Dataset Block Start

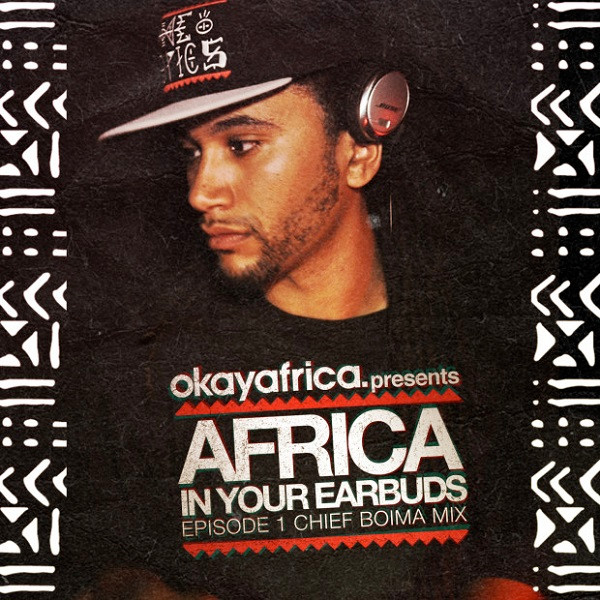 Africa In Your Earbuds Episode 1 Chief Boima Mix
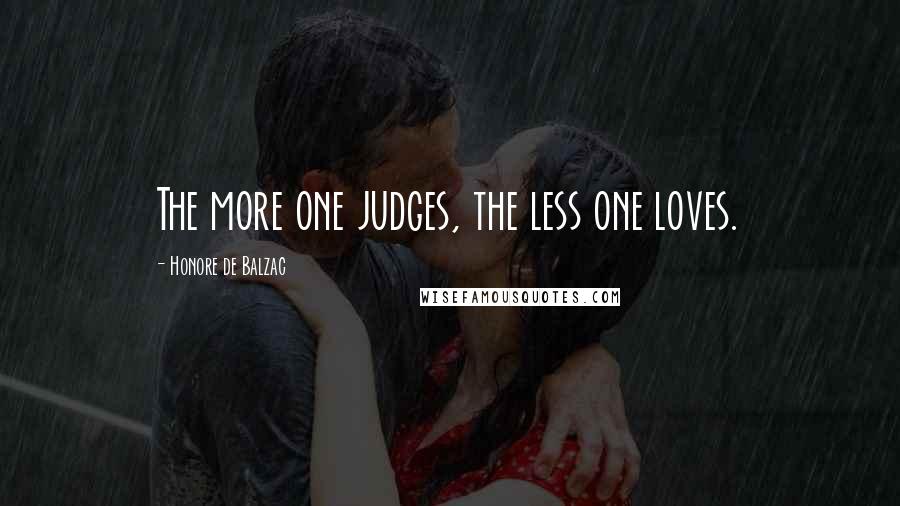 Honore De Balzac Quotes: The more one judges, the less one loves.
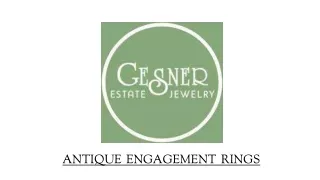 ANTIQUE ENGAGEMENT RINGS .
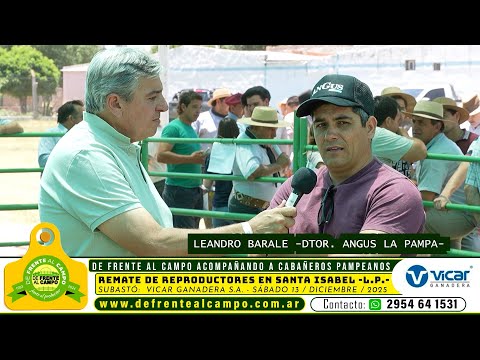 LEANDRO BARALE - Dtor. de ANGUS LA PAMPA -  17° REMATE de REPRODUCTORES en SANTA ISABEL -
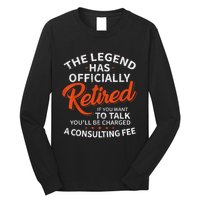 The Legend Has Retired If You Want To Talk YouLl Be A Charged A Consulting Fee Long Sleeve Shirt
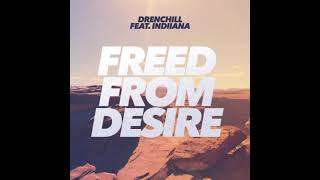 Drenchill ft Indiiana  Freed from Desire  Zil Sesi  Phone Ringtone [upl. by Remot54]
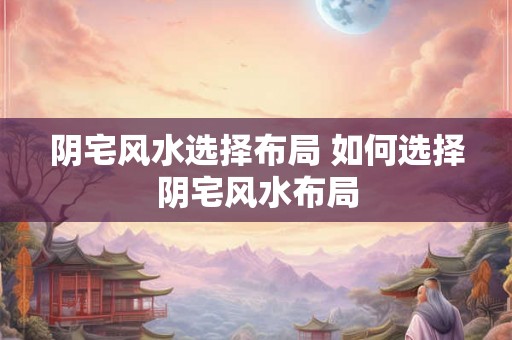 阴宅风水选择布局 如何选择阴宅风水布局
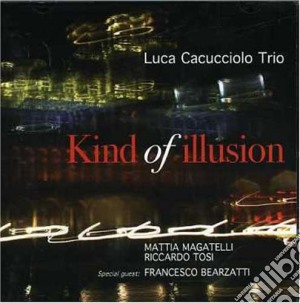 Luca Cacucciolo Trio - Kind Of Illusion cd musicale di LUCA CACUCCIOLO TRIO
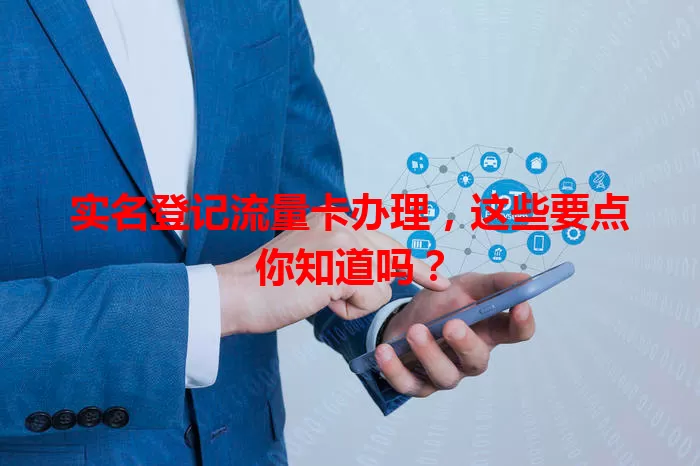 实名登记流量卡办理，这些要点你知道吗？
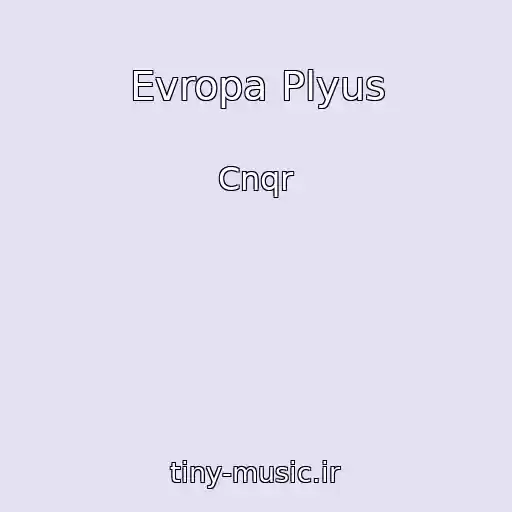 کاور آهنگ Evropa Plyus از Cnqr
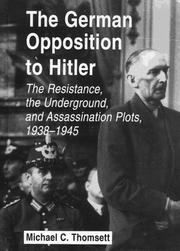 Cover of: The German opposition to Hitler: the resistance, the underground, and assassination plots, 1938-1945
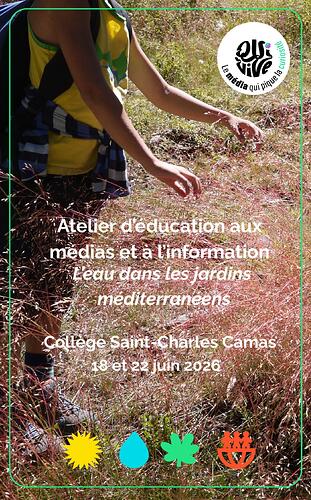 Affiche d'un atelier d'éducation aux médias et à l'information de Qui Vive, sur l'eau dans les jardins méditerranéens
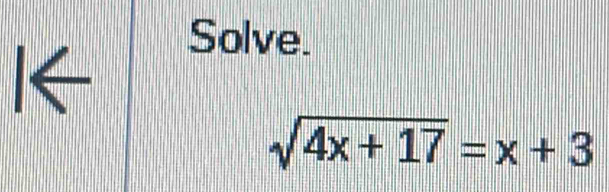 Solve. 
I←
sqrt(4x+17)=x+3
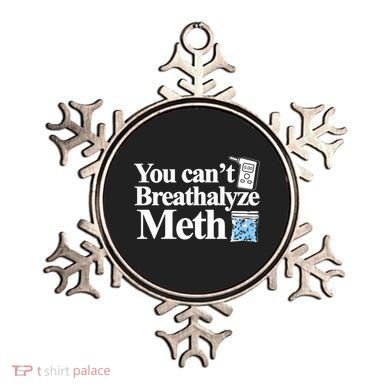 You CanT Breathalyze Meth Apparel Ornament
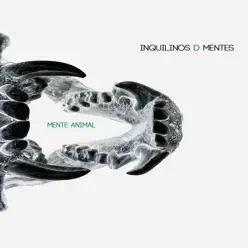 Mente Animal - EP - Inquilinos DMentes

Dataset Block End

» Your instructions: Print each entry exactly, leaving pictures out.

» Solution for this problem:
 Africa In Your Earbuds Episode 1 Chief Boima Mix
 Honore De Balzac Quotes: The more one judges, the less one loves.
 ANTIQUE ENGAGEMENT RINGS .
 LEANDRO BARALE - Dtor. de ANGUS LA PAMPA -  17° REMATE de REPRODUCTORES en SANTA ISABEL -
 The Legend Has Retired If You Want To Talk YouLl Be A Charged A Consulting Fee Long Sleeve Shirt
 Drenchill ft Indiiana  Freed from Desire  Zil Sesi  Phone Ringtone [upl. by Remot54]
 阴宅风水选择布局 如何选择阴宅风水布局
 Luca Cacucciolo Trio - Kind Of Illusion cd musicale di LUCA CACUCCIOLO TRIO
 实名登记流量卡办理，这些要点你知道吗？
 کاور آهنگ Evropa Plyus از Cnqr
 Cover of: The German opposition to Hitler: the resistance, the underground, and assassination plots, 1938-1945
 Affiche d'un atelier d'éducation aux médias et à l'information de Qui Vive, sur l'eau dans les jardins méditerranéens
 Solve. 
I←
sqrt(4x+17)=x+3
 You CanT Breathalyze Meth Apparel Ornament
 Mente Animal - EP - Inquilinos DMentes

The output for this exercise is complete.